*Assignment*: Repeat the whole listing word for word, skipping pictures.

*Data provided*:
────────────────────────────────────────

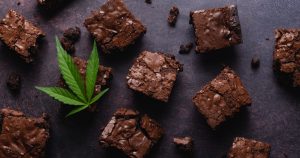 cannabis culinary adventures: a beginner’s guide to cooking with heavenly sweet’s 1000mg cannabis-infused butter, how to make cannabis brownies fb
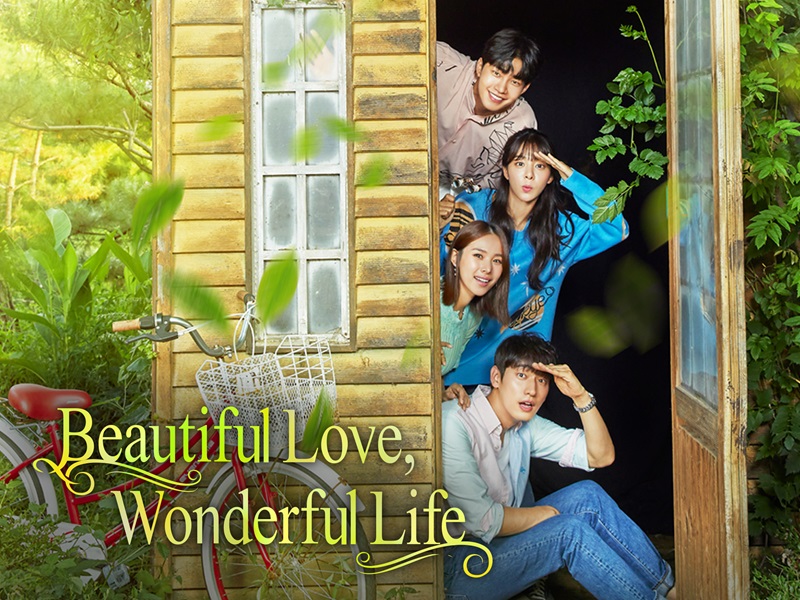 Beautiful Love Wonderful Life ซับไทย EP.1-100 (จบ)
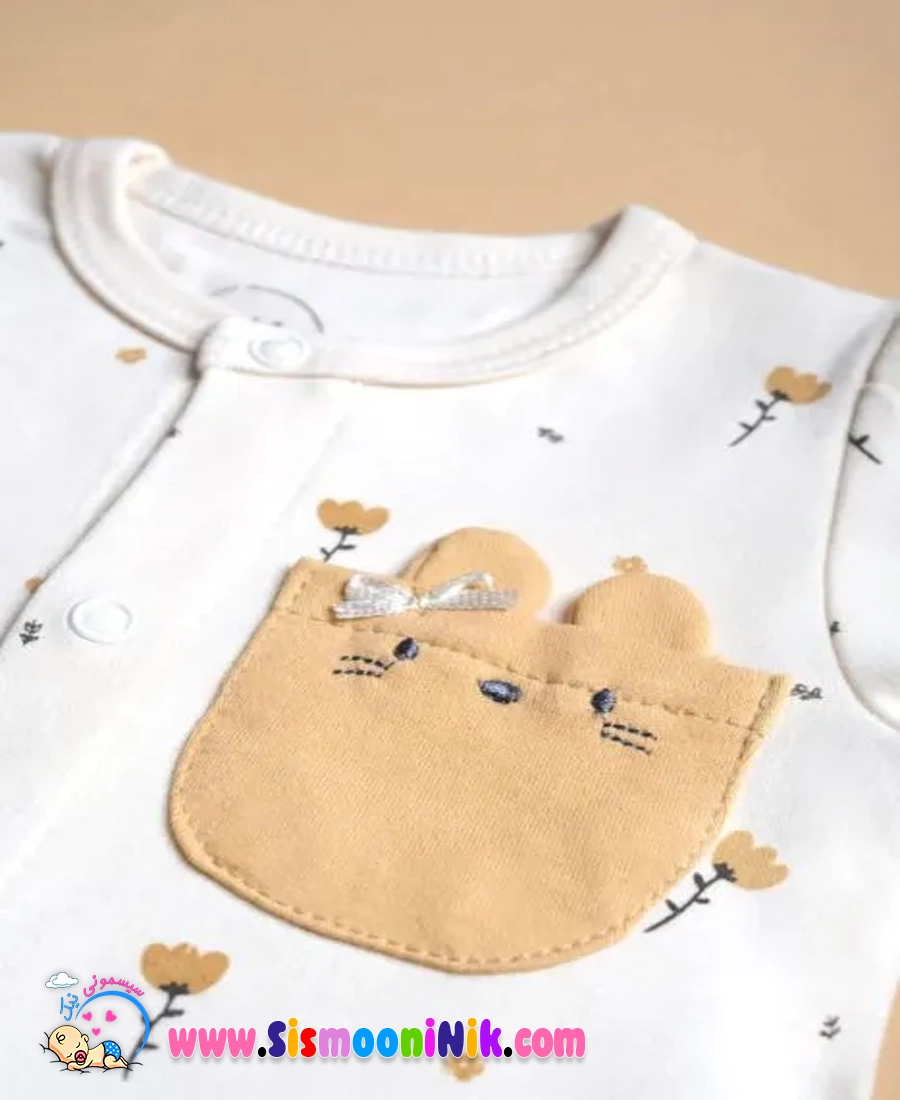 مانتو نیلی مدل مرلین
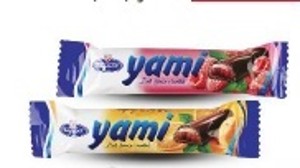 Yami Žele tyčinka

────────────────────────────────────────

*Response to this exercise*:
 cannabis culinary adventures: a beginner’s guide to cooking with heavenly sweet’s 1000mg cannabis-infused butter, how to make cannabis brownies fb
 Beautiful Love Wonderful Life ซับไทย EP.1-100 (จบ)
 مانتو نیلی مدل مرلین
 Yami Žele tyčinka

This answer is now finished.